I know I only have a few months of happy mood swing before I go back to suicidal psycho, but it won't bother me. NIN was a bad-ass concert and I really enjoyed myself. I wish I had gone alone, much easier to groove when you aren't being watched, plus if I'm alone, I don't mind looking like an idiot singing along at a concert. I could have also got pit tickets if I had been alone.

Golf on the 2nd 3rd and 4th of july, I hope. Ft. Lauderdale for only 25 bucks a round. Good price for 5 courses, so I'll have lotsa fun down there, even though I don't really want to go. Now I have just got to wait until pepper and 311 come to town august. The the warped tour and the family values tour come round. I should be around for those, I just need to escape without anyone wanting to tag along.

Bodyrockers rules...

I love the black solstice, I want the turbocharged version, 260 ponies. Either that or a nice 1991 5.0, so I can whup my buddies ass in his 1991 Z28. Slow ass piece of shit, and he's broke...so me and him (note: I did all the work, he did all the talking) replaced his front rotors, and brake pads, rebuilt both calipers, repacked the spindles and replaced his starter. I hate doing bullshit work like that, it was almost a grands worth of work in a shop, and I got no money for it, just a thanks.

Meh I don't care either way, but damn...I ruined a pair of A&F jeans and a FCUK shirt doing it...

Currently Listening: Bodyrockers
- I like the way


Saturday, June 17, 2006

the devil's dance floor has officially been worn out. That's what he gets for buying cheap veneer. 100 rounds through a 1911 and I feel better about life, but most of it still blows.
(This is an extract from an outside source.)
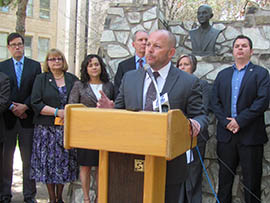 Rep. Chad Campbell, D-Phoenix, the House minority leader, addresses a news conference at which he and other Democrats criticized the influence of the conservative advocacy group Center for Arizona Policy.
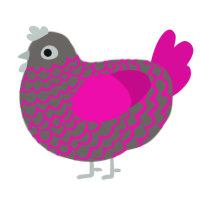 Marker Sniffer, a grey and fuchsia chicken with a lace pattern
If only the names on the bullets were attached to bodies. Butterfly wings for heaven. Really tough, this bullshit we call life.

You're crazy bitch.

Dance with me one more time, or I'll blow. Steam pressure is no joke unless you are cooking with it. Shitty fucking thing really.

But you fuck so good.

Really now, need I explain, it's hard to really. Feelings and words don't match up too well in here.

I'm in love with it

Spanking isn't all I wanted. No, regular chit chat would have been almost as good, save the wax for later though.

When I dream

Sleeping offers no comfort for this pain in my head making me crazy, suicidal, dance happy and addicted.

I'm doing you all night.

Again, this fucked up bullshit we call a world takes more than just 24 years to understand, but you'd think you would have more grasp at 24 years than you did at 4. It's a more innocent age, yet a whole lot more difficult to deal with. Killing time is about all I can kill. Manmen ramble on and wise men listen, which are you, which am I?

All of my neurons are functioning smoothly and yet I'm a cyborg just like you.
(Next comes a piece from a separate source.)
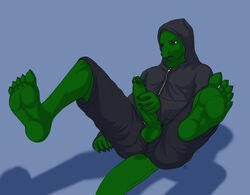 5_toes anthro balls barefoot big_penis claws clothing erection foot_focus green_penis hindpaw hoodie human_feet humanoid_penis lizard long_penis male male_only masturbation paws penis penis_grab plain_background plantigrade precum reptile retracted_foreskin scalie shorts soles solo toe_claws toes uncut yellowpower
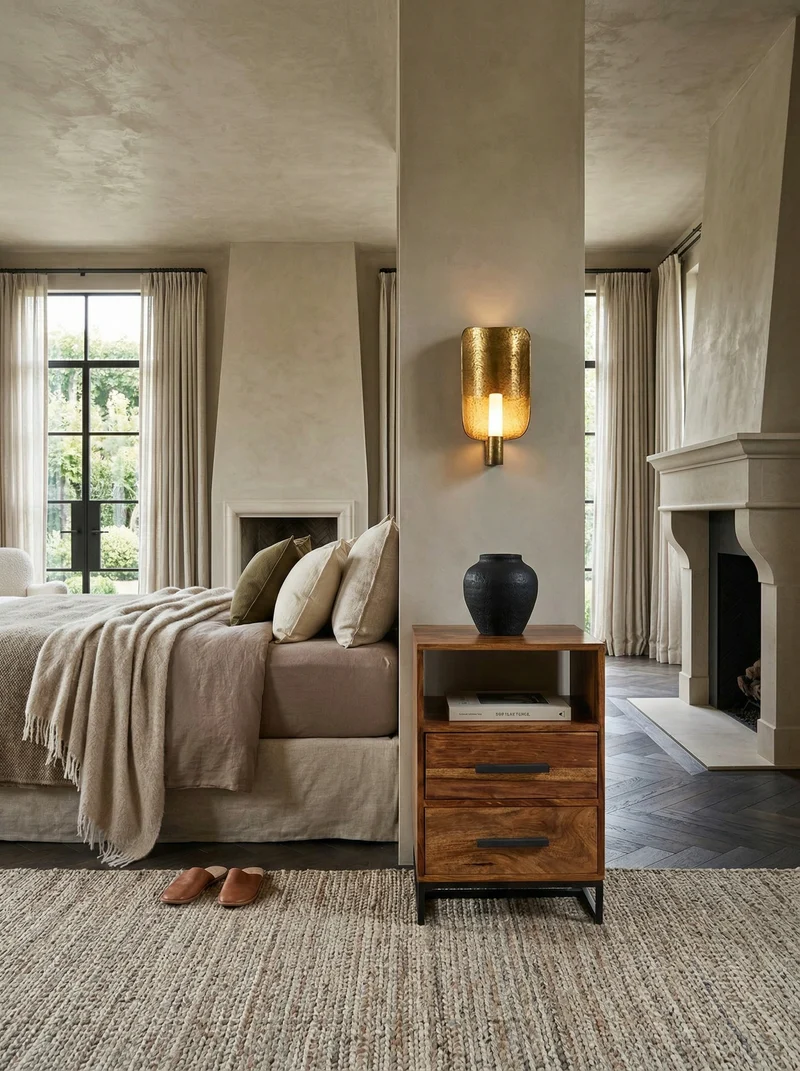 Nachttisch – Massivholz/Metall, Industrial-Stil, für Boxspringbett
Yeah, so, a girl has got me fucked up. Why fucking me. Why can't I just shut them off, they're just in my way. Work and play are all great as long as they don't mix. What happens when play becomes work...that's when that .45 hits me right in my left temple. Much easier to deal with than trying to sort other people's lives out.

Can't people just shut up nd listen to me rather than blab about their own problems. I don't give two shits about what they want, need or care about. Not interested, not one iota. Drivel is all that it is, like johnny depp delivering that insipid dialogue in charlie and the chocolate factory. How can any one man be so uninterested in his own profession.
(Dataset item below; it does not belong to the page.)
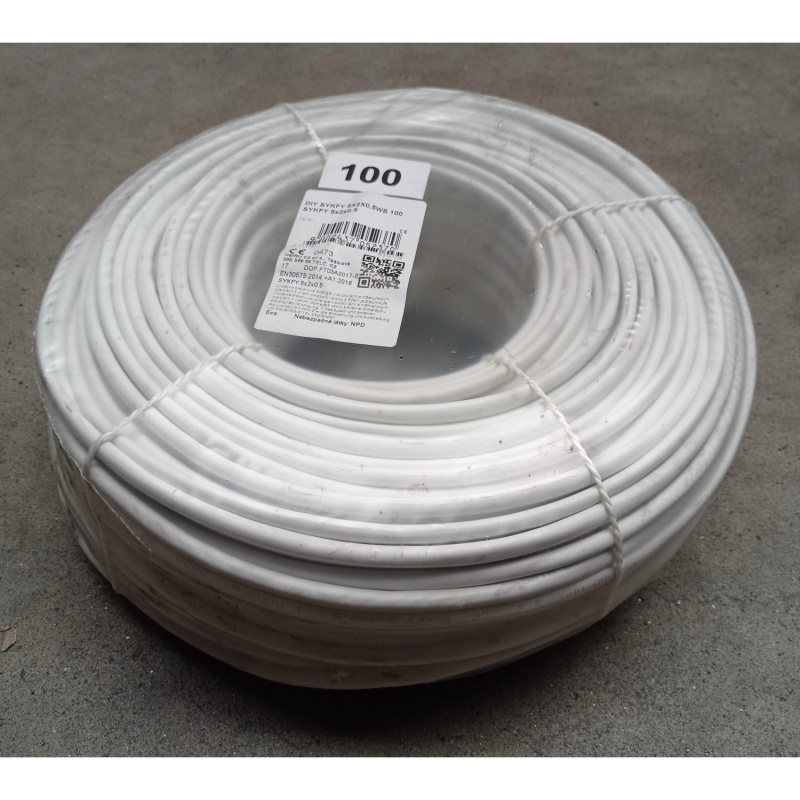 Sdělovací kabel SYKFY, bílý, 10 x 0,5 mm - metráž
Tell me, just this last time; Why don't the bullets have my name on them?

Currently Listening: Raw Power


Friday, May 19, 2006

So, no one makes a dirty pirate hooker shirt. Sure they make smelly pirate hooker ones, but that's not what I need. And now I am sad...but I will survive. I'm not so sure other people will, but I'm like a cockroach. I will survive nuclear warfare! And sub-artic temps. All because of my very flammable underarmour.

I need to be able to post pictures...so you guys can see the glory of my job...yea right!

So, i got distracted and lost my post

One for all, all for one
we are strong, we are one
NEMESIS

DSC00639

I found out how!!! This is the sunrise off the coast of Kuwait

DSC00516

Suez defense monument, the first time we went through the ditch.